At Ambrit International School in Rome, Italy, Kumar-Kumari Yantra Yoga has been offered as an after-school activity for well over ten years. The hour long class, once a week, for children 6 to 9 years of age, has room for 12-13 students due to the teaching space which is a very large classroom where tables are moved aside and mats placed on the floor.
The class has always been full, and sometimes there is even a waiting list. Nearly all the children remain a full year even though they have the choice to change after-school activities twice in the school year. It has been wonderful to see some children remain even for two and three years. They become capable assistants in the class, leading warm-ups and demonstrating the more complicated movements and explaining the sounds used with the breathing in kumar-kumari yoga.
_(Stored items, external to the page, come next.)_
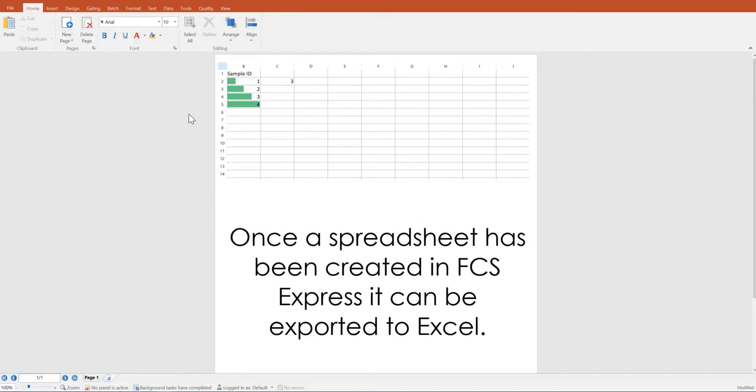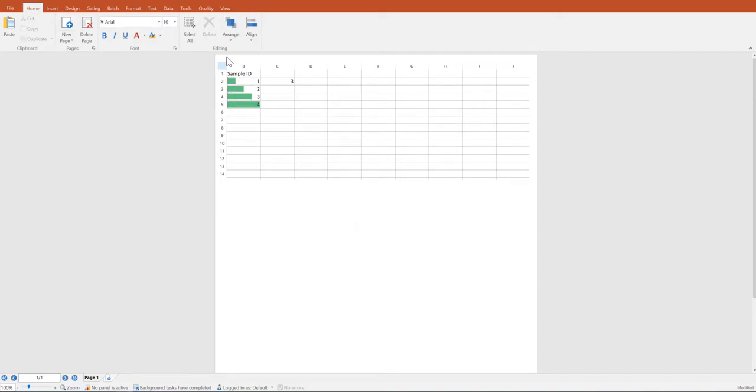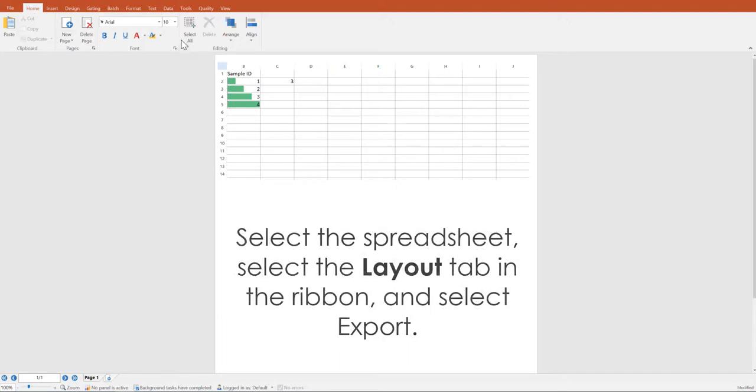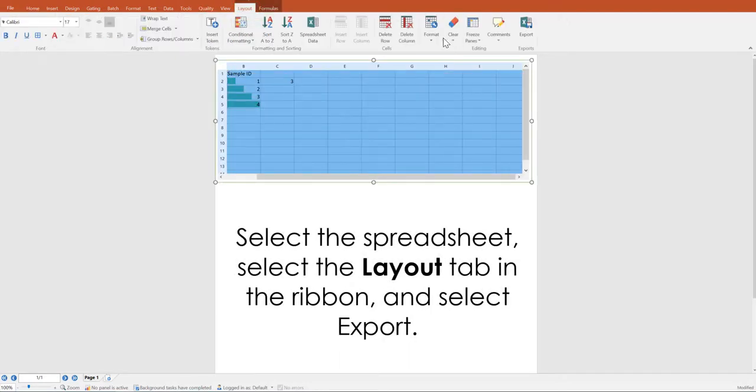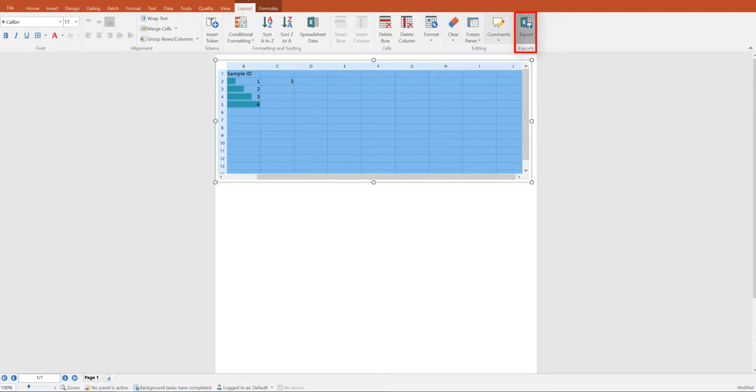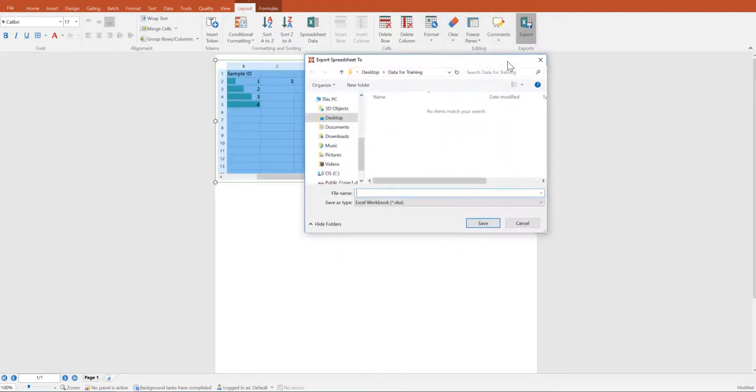Once a spreadsheet has been created in FCS Express, it can be exported to Excel. Select the spreadsheet and from the layout tab in the ribbon, select export. This will give you the option to create a name for the spreadsheet and select the save path as well as the file type.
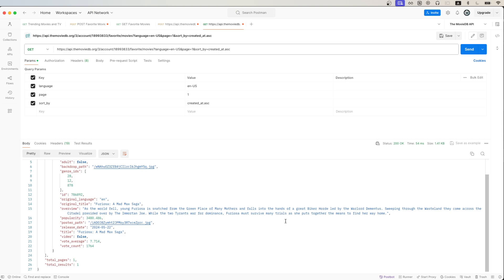That is the end of this tutorial of how to favorite a movie using the movie database API. Hopefully you found this video helpful. If you did, please like the video and don't forget to subscribe for more content.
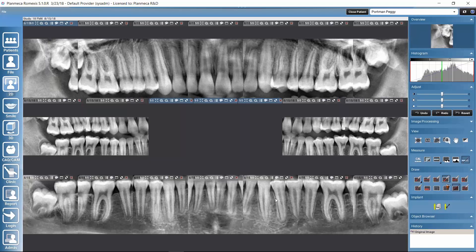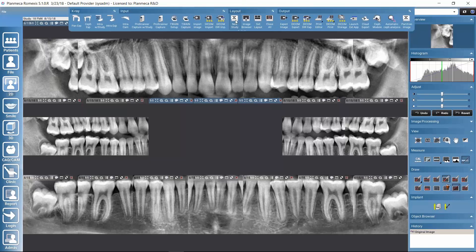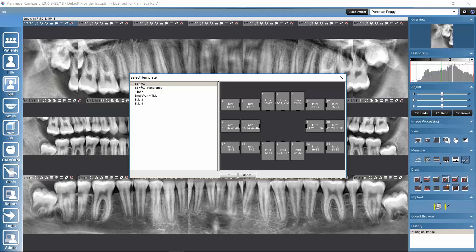Let's see how we can make a new study with existing images and how we can arrange images in the study. If I go to the upper toolbar and select 'New Study', first I can select which template I want to build my study on. In Romexis there are a couple of ready-made standard templates already, and I'll show later how to build a custom template if needed. I'll select the same template used in the previous study and click OK.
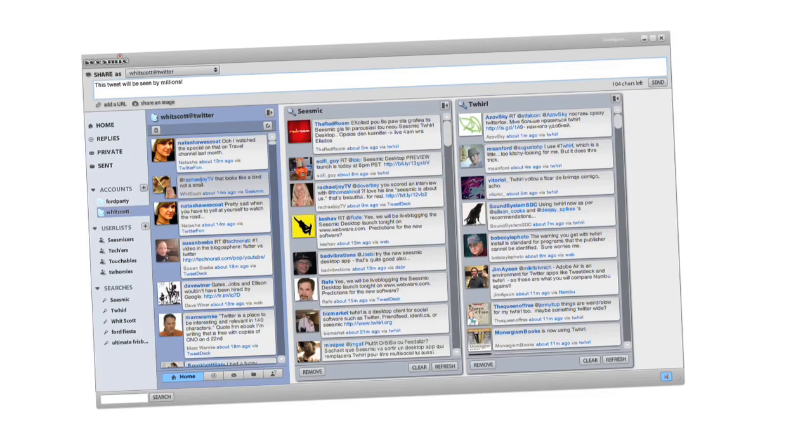I'm very excited today to announce a new product, Seismic Desktop. Seismic Desktop is based on the success of Twill, which got downloaded 1.2 million times.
At the end of the lesson, all the children help roll up the mats and sit down together for pizza, biscuits and something to drink.
This last year, some of the children thought we should get more students to join the group so they advertised the club by making and placing posters around the school stating, ‘Yoga is COOL’, ‘Kumar-Kumari makes you the strongest’ and even, ‘K.K.Yoga makes you like Michael Jackson’. Well, interesting!
Over the years of teaching Kumar-Kumari Yantra Yoga, I have been approached numerous times by parents and teachers who are more than ready to send their ‘over-active’ boys and girls to the class in the hopes of an instant calming effect on the child. What I can see as results of the weekly class are children learning to form a group and work together, and each child beginning to understand his/her own breathing, and coordination of movements to that breathing. I sometimes read to them a description of the benefits of one of the Kumar-Kumari movements. The youngsters have their own way to describe the benefits using words like ‘I feel calm, stronger, I just feel better’.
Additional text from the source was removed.